Revealing the application of the blockchain platform in the first half of 2019

(tabulation: interchain pulse)

Behind the number of applications is actually a combination of factors such as capital, technology, and resources. It seems that it is not beneficial to blockchain startups.

Due to the narrowing of the exit channel, the financing of the relevant companies in China's blockchain business in the primary market was also affected. In 2018, China's blockchain project private equity financing outshine, global financing totaled about 33.35 billion yuan, of which China was 15.47 billion yuan, accounting for 46.4% of global financing. However, in the first half of this year, according to the inter-chain pulse statistics, 69 blockchain private equity financing projects were disclosed in China, accounting for 38% of the global total.

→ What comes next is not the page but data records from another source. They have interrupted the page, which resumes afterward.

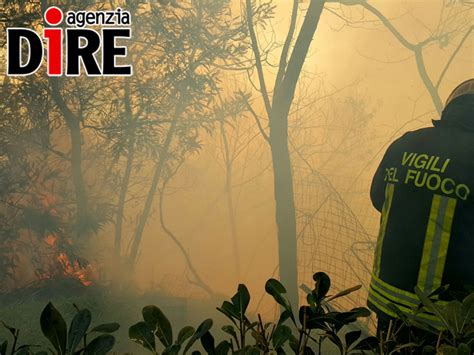 La Denuncia Del Conapo Gli Incendi Aumentano Ma I Vigili Del Fuoco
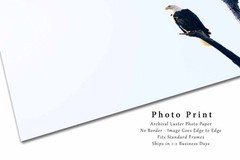 Bald Eagle Photography Print: Oklahoma, National Bird, Wildlife, Picture, Photo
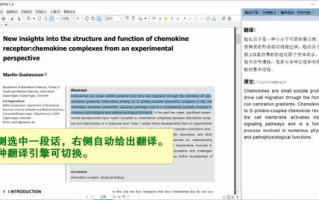 中英文在线翻译工具的重要性与选择指南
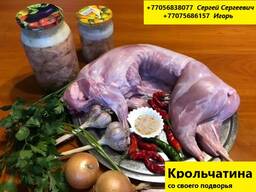 Продаем мясо кролик выращенное на овощах, фруктах и прочей зелени выращенной на своём огор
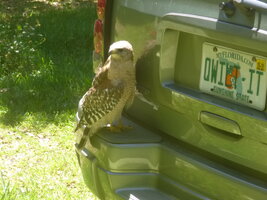 Hawk_On_TB_1.JPG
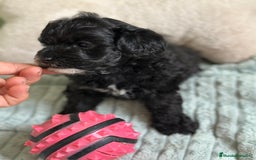Maltipoo perros en venta: MLTIPOO HEMBRA TOY NEGRA - Imagen 4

The publicly disclosed financing amount was only 1.222 billion yuan, accounting for 10%. Among them, Jianan Zhizhi has raised 672 million yuan; while the US disclosed 59 blockchain private financing projects, accounting for 33% of the global total, and the publicly disclosed financing amount is as high as 7.6 billion yuan, accounting for 64%. , is six times the Chinese market.

(Cartography: Inter-Chain Pulse Source: Inter-Chain Pulse Institute)

China's blockchain entrepreneurship can be said to be difficult, so in order to survive, moving towards the "coin" city is also a helpless choice. However, the financing of the currency is risky but illegal. Most of the Chinese team projects have chosen to go overseas, which brings higher operating costs. Therefore, the number of people used in this road is greatly reduced.

(Source: Inwara)

Therefore, according to Inwara statistics, 30 Chinese team projects were conducted through ICO, IEO and STO in the first half of the year. The number is only half that of the United States, not as much as Singapore and the United Kingdom.

The more serious impact is that, as we all know, the ICO and IEO markets still lack effective supervision. After the project financing is not done, the financing is cut, or the intention is to finance and financing can not be effectively stopped. In the case of losses to investors and further “stigmatization” of blockchains, the traditional capital market will not accept it.

When I saw that the US SEC opened the STO, and intends to become a cryptocurrency node such as Bitcoin and Ethereum, it will once again be sweating for China's blockchain entrepreneurs.